Of which Alex Pareene at Salon pretty much gets it right

I'm sorry, but this is the "haters gonna hate" defense. It's just a blanket assertion of bias without any sort of attempt to refute the actual charges leveled against her. How is she not already a paid Fox analyst?

Rhee has been a superstar on the educational reform scene for a few years running now. She is especially popular among proud union busters. And yet the media has mostly treated her as a non-partisan, or even progressive figure. What's slipped under public notice is that she and many other reformers have been stacking the deck against unions and for privatization. If the story of these standardized test crop circles makes people a little less credulous, that's a step in the right direction.

Sunday, March 27, 2011


I think this is one of those cases where the joke owes more to the setup than the punchline. I mean, "The donut people have overthrown their dictator." That's deranged.

Friday, March 25, 2011

Sin-ephiclic Friday Random Ten

One good thing about still having public libraries (cue me knocking on wood) is that you can also get access to a pretty good movie library. By tomorrow I should be able to pick up The Third Man, which I've never gotten around to seeing before. And outside events have reminded me I really should take in Who's Afraid of Virginia Woolf?

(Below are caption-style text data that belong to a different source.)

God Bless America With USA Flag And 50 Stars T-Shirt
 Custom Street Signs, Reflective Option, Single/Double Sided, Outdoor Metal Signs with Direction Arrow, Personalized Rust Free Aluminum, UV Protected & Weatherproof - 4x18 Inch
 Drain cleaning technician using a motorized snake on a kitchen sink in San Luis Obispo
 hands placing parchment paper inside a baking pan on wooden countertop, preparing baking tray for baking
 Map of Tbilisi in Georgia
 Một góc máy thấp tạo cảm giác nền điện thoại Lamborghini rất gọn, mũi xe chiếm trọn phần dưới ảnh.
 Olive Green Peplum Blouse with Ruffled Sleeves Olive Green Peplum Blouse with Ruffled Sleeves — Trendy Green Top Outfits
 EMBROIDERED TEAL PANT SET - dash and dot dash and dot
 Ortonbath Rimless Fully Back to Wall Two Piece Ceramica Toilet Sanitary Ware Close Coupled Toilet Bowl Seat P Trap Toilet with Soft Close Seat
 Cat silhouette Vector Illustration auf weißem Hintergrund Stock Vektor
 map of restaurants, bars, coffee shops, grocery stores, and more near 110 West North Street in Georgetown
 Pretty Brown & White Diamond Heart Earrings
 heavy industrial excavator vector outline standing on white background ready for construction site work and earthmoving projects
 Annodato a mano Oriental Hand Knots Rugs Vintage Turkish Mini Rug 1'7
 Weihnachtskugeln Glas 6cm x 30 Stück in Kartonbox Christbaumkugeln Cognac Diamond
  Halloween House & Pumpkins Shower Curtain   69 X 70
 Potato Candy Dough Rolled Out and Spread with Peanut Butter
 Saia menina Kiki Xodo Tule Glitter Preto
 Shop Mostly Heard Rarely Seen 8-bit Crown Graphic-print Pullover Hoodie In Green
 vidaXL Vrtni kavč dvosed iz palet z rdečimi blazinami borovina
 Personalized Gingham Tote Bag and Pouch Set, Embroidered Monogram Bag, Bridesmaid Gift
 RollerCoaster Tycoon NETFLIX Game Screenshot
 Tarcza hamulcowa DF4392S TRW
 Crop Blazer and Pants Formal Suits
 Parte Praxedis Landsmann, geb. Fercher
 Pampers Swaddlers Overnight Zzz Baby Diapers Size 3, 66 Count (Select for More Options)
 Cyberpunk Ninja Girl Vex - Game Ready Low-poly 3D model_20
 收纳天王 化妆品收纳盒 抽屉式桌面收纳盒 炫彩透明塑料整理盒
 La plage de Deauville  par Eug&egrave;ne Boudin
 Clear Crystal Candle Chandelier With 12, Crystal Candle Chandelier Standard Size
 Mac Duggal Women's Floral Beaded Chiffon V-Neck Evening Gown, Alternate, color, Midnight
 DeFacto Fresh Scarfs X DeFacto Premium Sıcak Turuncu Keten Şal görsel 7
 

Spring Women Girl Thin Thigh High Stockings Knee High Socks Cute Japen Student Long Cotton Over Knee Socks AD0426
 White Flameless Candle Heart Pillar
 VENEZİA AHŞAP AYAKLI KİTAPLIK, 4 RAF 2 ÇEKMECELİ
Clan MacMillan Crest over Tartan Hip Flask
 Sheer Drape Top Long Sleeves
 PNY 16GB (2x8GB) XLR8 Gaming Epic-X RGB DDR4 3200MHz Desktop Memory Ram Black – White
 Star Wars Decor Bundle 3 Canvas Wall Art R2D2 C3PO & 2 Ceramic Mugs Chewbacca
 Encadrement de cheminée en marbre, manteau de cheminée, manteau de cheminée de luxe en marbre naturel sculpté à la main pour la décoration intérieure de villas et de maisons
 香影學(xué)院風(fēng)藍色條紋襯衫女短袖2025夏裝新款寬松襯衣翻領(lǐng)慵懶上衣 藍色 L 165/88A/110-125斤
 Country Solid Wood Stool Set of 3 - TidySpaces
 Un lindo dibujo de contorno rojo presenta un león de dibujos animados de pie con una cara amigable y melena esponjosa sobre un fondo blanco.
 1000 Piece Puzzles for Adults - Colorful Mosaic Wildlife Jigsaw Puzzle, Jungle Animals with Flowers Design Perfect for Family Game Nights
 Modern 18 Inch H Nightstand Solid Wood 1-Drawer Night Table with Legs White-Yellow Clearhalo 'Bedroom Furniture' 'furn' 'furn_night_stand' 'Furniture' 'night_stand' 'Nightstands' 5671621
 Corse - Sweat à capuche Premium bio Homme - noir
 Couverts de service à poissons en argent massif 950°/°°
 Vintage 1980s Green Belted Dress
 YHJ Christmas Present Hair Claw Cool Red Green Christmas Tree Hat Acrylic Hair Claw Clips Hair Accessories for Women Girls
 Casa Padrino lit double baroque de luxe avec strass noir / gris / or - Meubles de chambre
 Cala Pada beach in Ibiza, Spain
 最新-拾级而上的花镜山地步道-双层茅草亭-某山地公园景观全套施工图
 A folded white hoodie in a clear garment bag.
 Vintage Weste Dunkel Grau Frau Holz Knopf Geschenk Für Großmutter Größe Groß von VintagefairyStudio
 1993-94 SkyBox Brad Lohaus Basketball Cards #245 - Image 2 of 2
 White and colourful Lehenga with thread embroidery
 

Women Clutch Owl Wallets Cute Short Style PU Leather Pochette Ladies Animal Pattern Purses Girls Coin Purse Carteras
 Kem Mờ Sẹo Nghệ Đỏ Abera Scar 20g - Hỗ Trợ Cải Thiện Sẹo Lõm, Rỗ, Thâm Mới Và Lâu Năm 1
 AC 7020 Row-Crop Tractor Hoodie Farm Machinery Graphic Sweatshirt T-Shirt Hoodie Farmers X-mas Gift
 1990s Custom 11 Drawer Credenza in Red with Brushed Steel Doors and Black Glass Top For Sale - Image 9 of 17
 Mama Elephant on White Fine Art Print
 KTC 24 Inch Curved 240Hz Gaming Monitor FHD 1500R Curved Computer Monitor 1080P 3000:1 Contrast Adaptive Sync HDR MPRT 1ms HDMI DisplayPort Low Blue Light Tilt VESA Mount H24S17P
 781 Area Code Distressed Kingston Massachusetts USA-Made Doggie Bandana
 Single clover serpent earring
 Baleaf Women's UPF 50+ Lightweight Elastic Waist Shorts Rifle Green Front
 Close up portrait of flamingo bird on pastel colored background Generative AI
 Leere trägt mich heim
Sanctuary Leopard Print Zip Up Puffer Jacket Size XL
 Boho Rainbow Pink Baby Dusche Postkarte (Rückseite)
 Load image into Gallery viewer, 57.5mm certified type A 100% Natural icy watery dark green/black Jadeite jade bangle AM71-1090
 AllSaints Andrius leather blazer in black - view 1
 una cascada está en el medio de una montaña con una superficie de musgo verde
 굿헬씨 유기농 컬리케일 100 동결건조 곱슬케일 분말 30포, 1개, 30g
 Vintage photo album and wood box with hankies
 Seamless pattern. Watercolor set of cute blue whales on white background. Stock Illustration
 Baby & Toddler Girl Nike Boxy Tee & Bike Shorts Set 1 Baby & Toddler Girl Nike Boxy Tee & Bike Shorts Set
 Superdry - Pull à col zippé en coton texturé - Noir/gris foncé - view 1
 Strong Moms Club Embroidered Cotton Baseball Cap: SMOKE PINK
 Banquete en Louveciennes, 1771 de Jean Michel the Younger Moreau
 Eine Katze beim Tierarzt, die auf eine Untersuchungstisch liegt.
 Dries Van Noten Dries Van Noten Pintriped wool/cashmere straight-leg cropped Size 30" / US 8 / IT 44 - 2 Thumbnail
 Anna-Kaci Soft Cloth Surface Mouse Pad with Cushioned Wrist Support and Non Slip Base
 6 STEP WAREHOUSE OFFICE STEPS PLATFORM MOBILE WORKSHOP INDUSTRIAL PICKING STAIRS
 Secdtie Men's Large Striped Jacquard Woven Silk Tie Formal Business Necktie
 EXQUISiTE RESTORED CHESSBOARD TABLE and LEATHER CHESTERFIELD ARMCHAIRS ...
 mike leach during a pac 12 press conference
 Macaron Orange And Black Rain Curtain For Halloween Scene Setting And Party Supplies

1. The Clash--The Guns of Brixton
2. Alexander Brailowsky--Chopin's Polonnaise #1 in C Sharp Minor
3. The XX--Heart Skipped a Beat
4. The Fiery Furnaces--Cups and Punches
5. Sly & the Family Stone--Life
6. Nellie McKay--Dispossessed
7. They Might Be Giants--Hide Away Folk Family
8. R.E.M--Bang and Blame
9. Grizly Bear--About Face
10. Miles Davis--Woody 'n You (A.K.A. Wouldn't You)

Wednesday, March 23, 2011

Things that don't seem like they'd go together but do

The above image is a mixed media piece by Rachel Moreau. It's from a gallery that had an exhibition of her work. I tried saving work from her own site to reproduce on this here blog, but all her work on her site is in Macromedia Flash, which discourages copying. There actually are ways around this but I figured it was right to respect the precautions. If the online world is the wild west, you can't blame someone for guarding against cattle rustlers.

Anyway, I'd recommend visiting her site and spending some time there. Moreau is versatile, working in collage and photography, with some drawing. All her stuff is haunting and unsettling, though. Even pieces that seem like straightforward mockery of Eisenhower era kitsch draw you in. It's not campy, it's mysterious.

Tuesday, March 22, 2011


Here's a column by a woman who confesses--if that's the word--to not carrying a cell phone. Which I don't either, but she lives in New York. I have to imagine this is a bigger admission in someplace like New York, LA or London than it is in Providence. Good opening graf.

I don’t own a cell phone. I never have. When people learn this fact they usually react with an exclamation of shocked disbelief, as if I lead some sort of unfathomable existence of unmitigated depravation. As if the human race didn’t manage to somehow get along just fine until about 1995, when suddenly everyone—not just the doctors and drug dealers—seemed to get a cellular. But those of us old enough to remember the Time Before Cell Phones can attest to the fact that the early adopters of this technology were mostly assholes. As a single girl in New York throughout the 1990s I can tell you that, back then, the guy in the bar with the celly was the biggest douche in the room, and he was definitely overcompensating for something. A potential hook-up who flashed a cell phone? Total dealbreaker, a complete non-negotiable. My girlfriends and I laughed at those self-important clowns.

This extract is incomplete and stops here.